Am Mittwochmorgen um 6 Uhr reihte sich ein Mann aus Ukraine in die Sicherheitskontrolle am Flughafen Berlin-Schönfeld ein. Doch weit kam er nicht. Im Handgepäck hatte er eine „in Deutschland legal erworbenen automatischen Selbstlade-Gaspistole“ und 75 Patronen, wie die Bundespolizei am Donnerstag mitteilte.

Dem Mann sei offensichtlich nicht bewusst gewesen, dass die Mitnahme dieser Waffe im Handgepäck verboten ist.

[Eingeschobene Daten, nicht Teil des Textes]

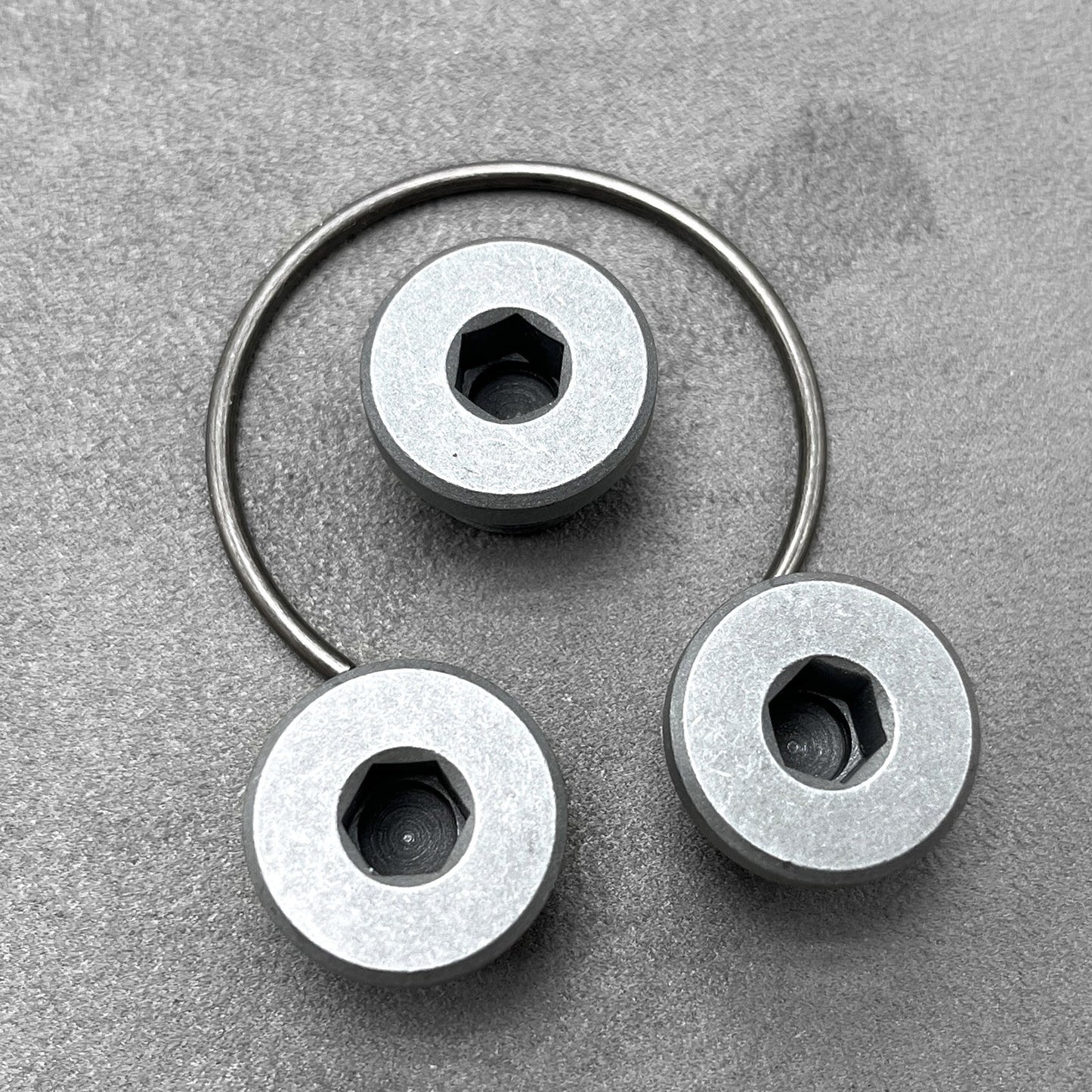 Transmission Oil Seals for Land Rover Discovery Sport Range Rover Evoque (2014–2023)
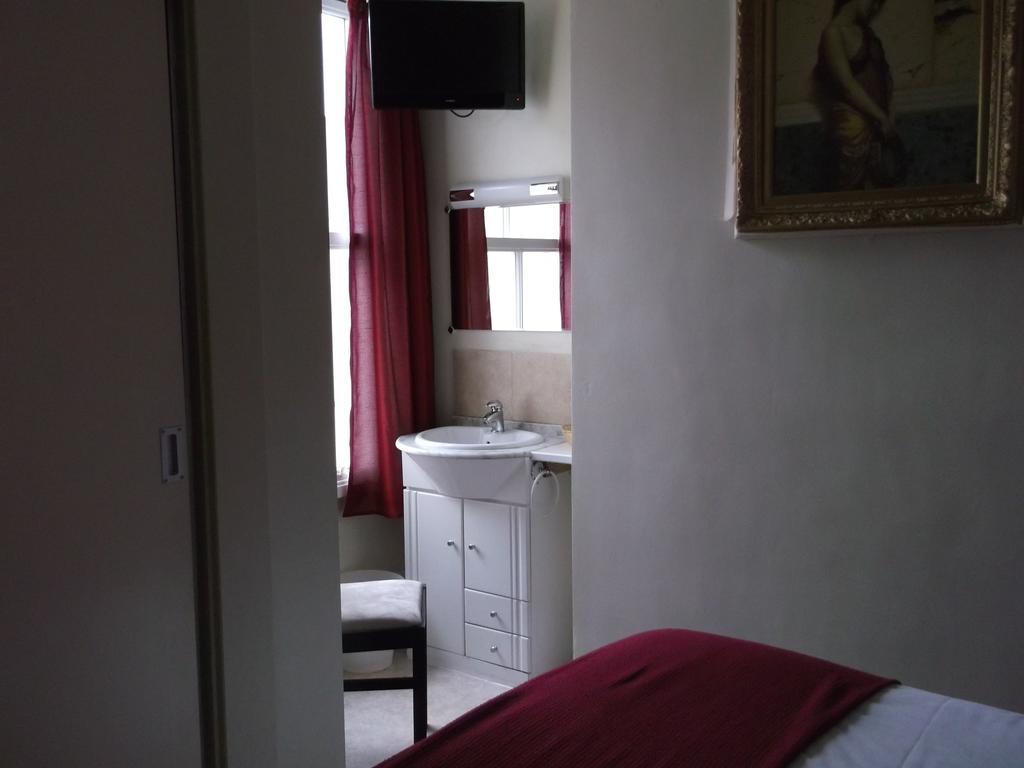 Boydens Guest House Brighton Szoba fotó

Die Beamten belehren den Mann zudem, dass das Führen einer solchen Waffe in Deutschland nur mit einem kleinen Waffenschein legal sei. Zwar sei der Besitz nicht strafbar, aber ein Mitführen der Waffe ohne den besagten Schein nicht erlaubt. Gegen ihn wurde daher ein Strafverfahren wegen des Verstoßes gegen das Waffengesetz eingeleitet. Nächster Rückschlag: Die Airline lehnte den Transport der Pistole nebst der Munition auch im Großgepäck ab.

Dem 49-Jährige lag jetzt nicht mehr viel daran, die Schreckschusswaffe zu behalten. Er gab „den Besitz an seiner Waffe und der Munition freiwillig auf“, so die Polizei.

Gerade noch rechtzeitig. Wenig später saß er im Flugzeug.